Across southeastern Georgia, life went on in the wake of Sherman’s passage. It was business as usual in Augusta, as a member of Wheeler’s staff discovered when he cooled his heels for twelve hours in the offices of the government powder works before he could satisfy the rules of the bureaucracy in order to secure a requisition of ammunition for the troopers at the front. “An apparently small trifle sometimes wields the destiny of nations,” he fumed.

In Milledgeville, Governor Joseph Brown, back in his office, took the offensive against local citizens who had helped themselves to State House and Executive Mansion property during the Yankee occupation. Unless everything was returned right away, Brown vowed to search any household suspected of colluding and punishing those responsible.

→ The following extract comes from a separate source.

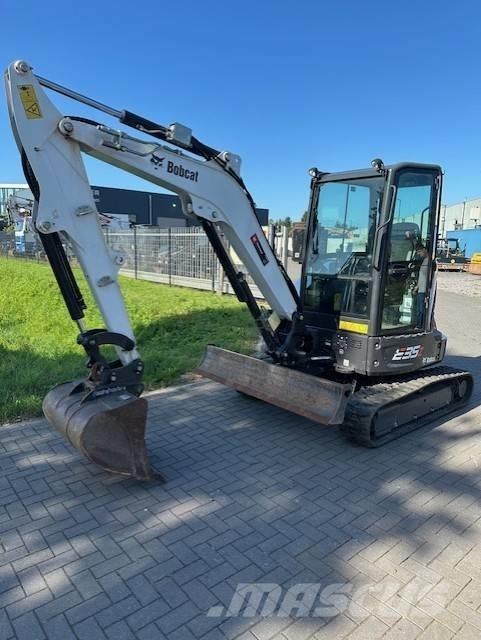 Bobcat E 35z 小型挖掘机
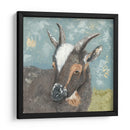 Cabra De Granja De Vida Gris - Jade Reynolds | Cuadro decorativo de Canvas Lab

In Savannah, the time had come for Lieutenant General William J. Hardee to man the city’s battlements. Into the field works guarding the northwest approaches Hardee sent the Georgia militia, now commanded by Major General Gustavus W. Smith. One of the approximately 2,500 civilian-soldiers so assigned took the opportunity to dash off a letter to his wife. Wrote Felix W. Prior:

We are camped here, where we have some fortifications, awaiting Sherman’s advance on this city. It is feared he may succeed in cutting the roads and deprive us of communication from without…. Savannah is now rather a dull place, every thing remarkably dear in the way of provisions. It requires a good deal of money to get but very little even of something to eat. The militia have seen a rough time indeed since they have been out this last time and the prospect ahead is not flattering though if the enemy would pass over into South Carolina the Ga. Militia might stand a chance of going home…. I don’t think I shall enjoy life much while this great war lasts, but I desire to live through it, especially on account of my wife & children. I have seen men killed on the battle field who had heavy responsibilities at home, clever, good men who had dear and near wives & children at home. I hope God in his goodness will spare me.

 

 

Major General William Tecumseh Sherman.

 

 

He was forty-six years old at the time of the Savannah Campaign and about to undertake an operation that he described as “smashing things to the sea.” Before setting out, Sherman reviewed his cavalry arm, commanded by Brigadier General H. Judson Kilpatrick. The General considered Kilpatrick a “hell of a damned fool.”

 

 

Working from orders by Captain Orlando Poe, Union soldiers destroyed Atlanta’s manufacturing and transportation systems.

 

 

On November 15, the Twentieth Corps (one-half of the Left Wing) left Atlanta, heading due east.

 

 

Many facets of this operation are depicted in the composite sketch of the march.

 

 

Peaceful Georgia villages such as Madison played unwilling host to the Yankee invaders. “Colored people are pleased to see the Yanks,” wrote an Ohio soldier. “Whites look sour & sad.”

 

 

“Cotton stored near the railroad station [in Madison] was fired, and the jail near the public square gave up its whips and paddles to increase the big bonfire in the public square,” noted an Ohioan.

 

 

On November 22, Sherman’s Left Wing entered Milledgeville, where the Stars and Stripes were raised over the capitol building.

 

 

Union soldiers held a mock session of the legislature in the capitol building and repealed Georgia’s act of secession.

 

 

Sherman spent the night of November 23 in the Governor’s Mansion, where he had to use his field equipment, since Joseph Brown had hidden the furniture.

 

 

After resting just a day in Milledgeville, Sherman had his Left Wing marching on November 24. The crossing of the Little River was accomplished by means of a pontoon bridge.

 

 

The first real opposition to the Left Wing came at Sandersville, where Wheeler’s cavalry skirmished with Federal infantry.